Enabled with the --enable-crdebug flag. See the following website for more information:
http://osl.iu.edu/research/ft/crdebug/
* Added Stable Storage (SStore) framework for checkpoint storage
* 'central' component does a direct to central storage save
* 'stage' component stages checkpoints to central storage while the application continues execution.
* 'stage' supports offline compression of checkpoints before moving (sstore_stage_compress)
* 'stage' supports local caching of checkpoints to improve automatic recovery (sstore_stage_caching)
* Added Compression (compress) framework to support
* Add two new ErrMgr recovery policies
* {{{crmig}}} C/R Process Migration
* {{{autor}}} C/R Automatic Recovery
* Added the {{{ompi-migrate}}} command line tool to support the {{{crmig}}} ErrMgr component
* Added CR MPI Ext functions (enable them with {{{--enable-mpi-ext=cr}}} configure option)
* {{{OMPI_CR_Checkpoint}}} (Fixes trac:2342)
* {{{OMPI_CR_Restart}}}
* {{{OMPI_CR_Migrate}}} (may need some more work for mapping rules)
* {{{OMPI_CR_INC_register_callback}}} (Fixes trac:2192)
* {{{OMPI_CR_Quiesce_start}}}
* {{{OMPI_CR_Quiesce_checkpoint}}}
* {{{OMPI_CR_Quiesce_end}}}
* {{{OMPI_CR_self_register_checkpoint_callback}}}
* {{{OMPI_CR_self_register_restart_callback}}}
* {{{OMPI_CR_self_register_continue_callback}}}
* The ErrMgr predicted_fault() interface has been changed to take an opal_list_t of ErrMgr defined types. This will allow us to better support a wider range of fault prediction services in the future.

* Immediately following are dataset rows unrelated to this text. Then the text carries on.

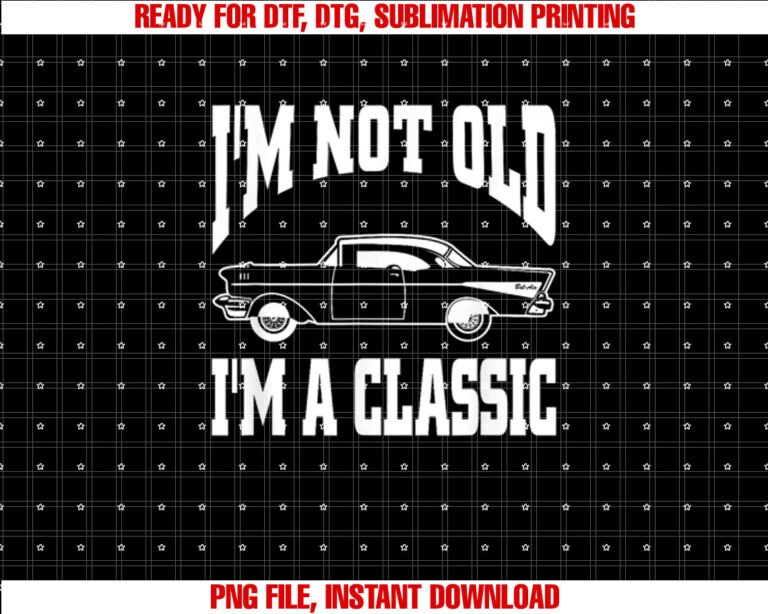 Im Not Old Im Classic Vintage Hot Rod Dad Grandpa T-shirt, Sublimation Design, Digital Download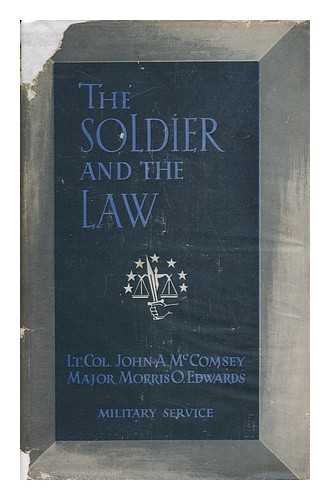 MCCOMSEY, JOHN A. EDWARDS, MORRIS O. CHARLES E. CHEEVER (ED. ) - The Soldier and the Law, by John A. McComsey... and Morris O. Edwards...revised and Enlarged by Charles E. Cheever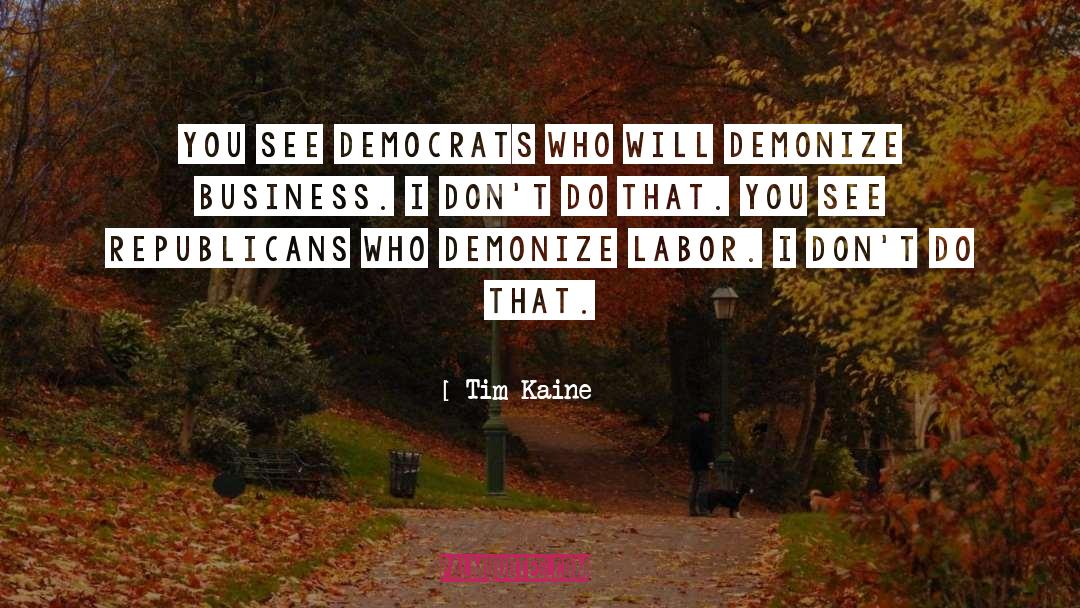 Tim Kaine Quotes: You see Democrats who will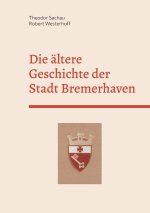 Die ältere Geschichte der Stadt Bremerhaven
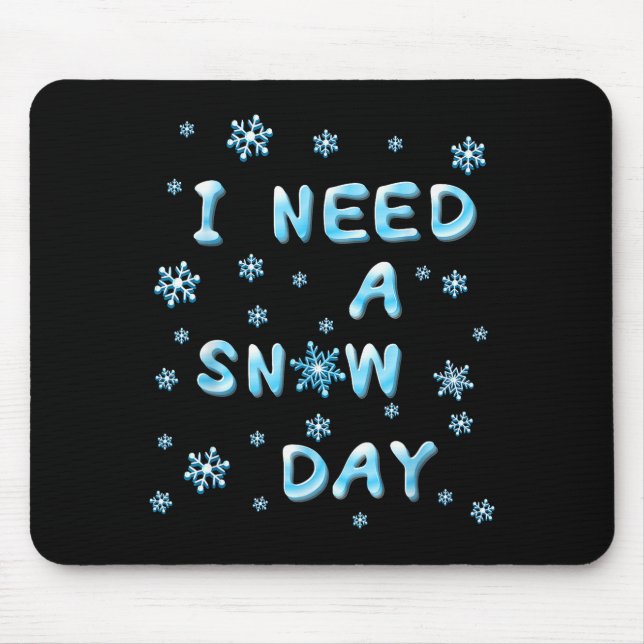 I Need A Snow Day - Funny Aquatic Letters Snow Day Musmatta (Framsidan)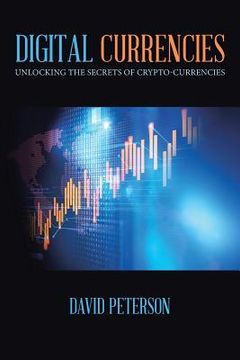 portada Digital Currencies: Unlocking the Secrets of Crypto-Currencies (en Inglés)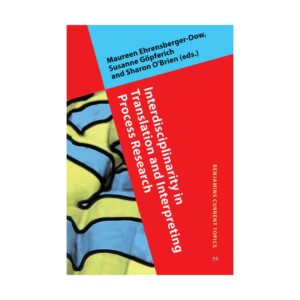 Interdisciplinarity in Translation and Interpreting Process Research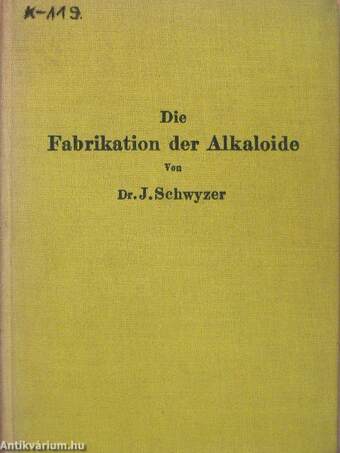 Die Fabrikation der Alkaloide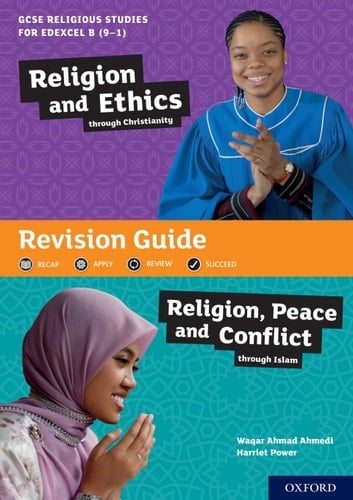 GCSE Religious Studies for Edexcel B (9-1): Religion and Ethics through Christianity and Religion, Peace and Conflict through Islam Revision Guide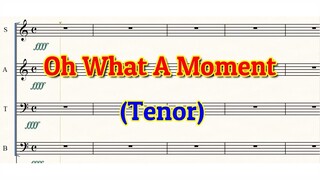 Oh What A Moment | Tenor | Choir | SATB
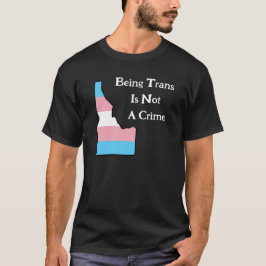 Idaho Trans-Pride Anpassningsbar är inte ett "Crim T Shirt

* Add a progress meter to:
* FileM rsh (filem_rsh_process_meter)
* SnapC full (snapc_full_progress_meter)
* SStore stage (sstore_stage_progress_meter)
* Added 2 new command line options to ompi-restart
* --showme : Display the full command line that would have been exec'ed.
* --mpirun_opts : Command line options to pass directly to mpirun. (Fixes trac:2413)
* Deprecated some MCA params:
* crs_base_snapshot_dir deprecated, use sstore_stage_local_snapshot_dir
* snapc_base_global_snapshot_dir deprecated, use sstore_base_global_snapshot_dir
* snapc_base_global_shared deprecated, use sstore_stage_global_is_shared
* snapc_base_store_in_place deprecated, replaced with different components of SStore
* snapc_base_global_snapshot_ref deprecated, use sstore_base_global_snapshot_ref
* snapc_base_establish_global_snapshot_dir deprecated, never well supported
* snapc_full_skip_filem deprecated, use sstore_stage_skip_filem
Minor Changes:
--------------
* Fixes trac:1924 : {{{ompi-restart}}} now recognizes path prefixed checkpoint handles and does the right thing.
* Fixes trac:2097 : {{{ompi-info}}} should now report all available CRS components
* Fixes trac:2161 : Manual checkpoint movement. A user can 'mv' a checkpoint directory from the original location to another and still restart from it.
* Fixes trac:2208 : Honor various TMPDIR varaibles instead of forcing {{{/tmp}}}
* Move {{{ompi_cr_continue_like_restart}}} to {{{orte_cr_continue_like_restart}}} to be more flexible in where this should be set.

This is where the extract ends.